=== WHAT NEEDS TO BE DONE ===
This calls for a word-for-word copy of all the data, with each picture removed.

=== DATA PROVIDED ===
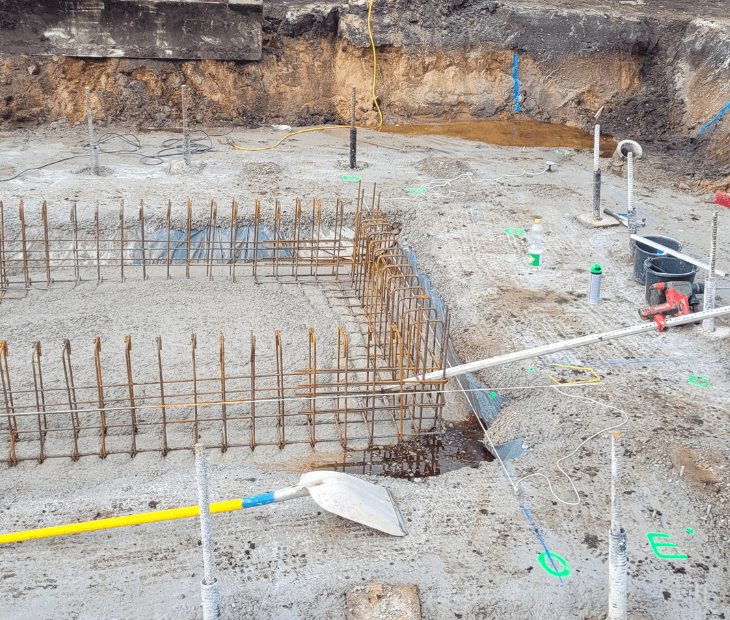 Frisch gegossene Fundamente auf der SkyLoop-Baustelle in Mardorf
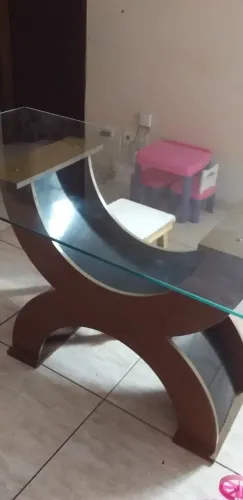 Mesa de vidro de 6 cadeiras sem a cadeira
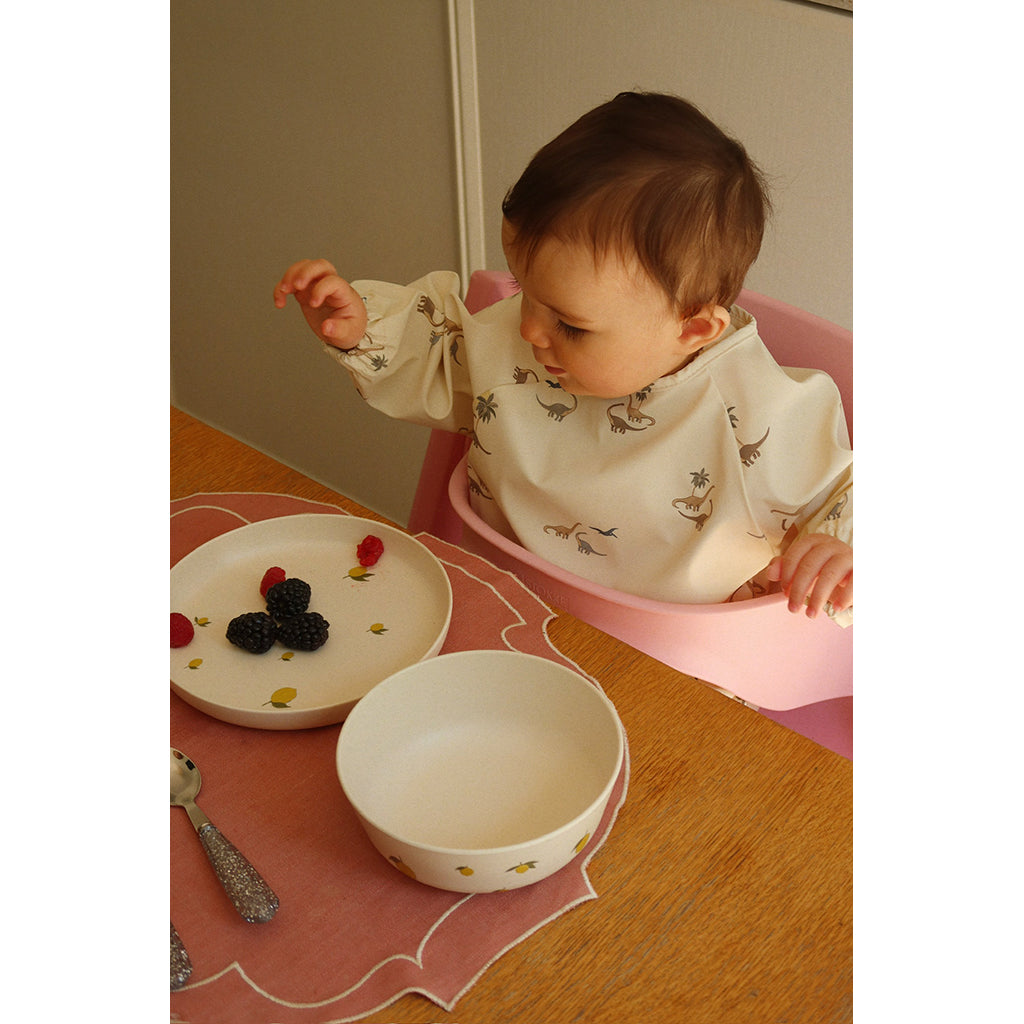 Konges Sløjd Dinner haklapp med ärmar, 6 mån.–3 år – Navy dot/Rain Washed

=== OUTPUT OF THE TASK ===
 Frisch gegossene Fundamente auf der SkyLoop-Baustelle in Mardorf
 Mesa de vidro de 6 cadeiras sem a cadeira
 Konges Sløjd Dinner haklapp med ärmar, 6 mån.–3 år – Navy dot/Rain Washed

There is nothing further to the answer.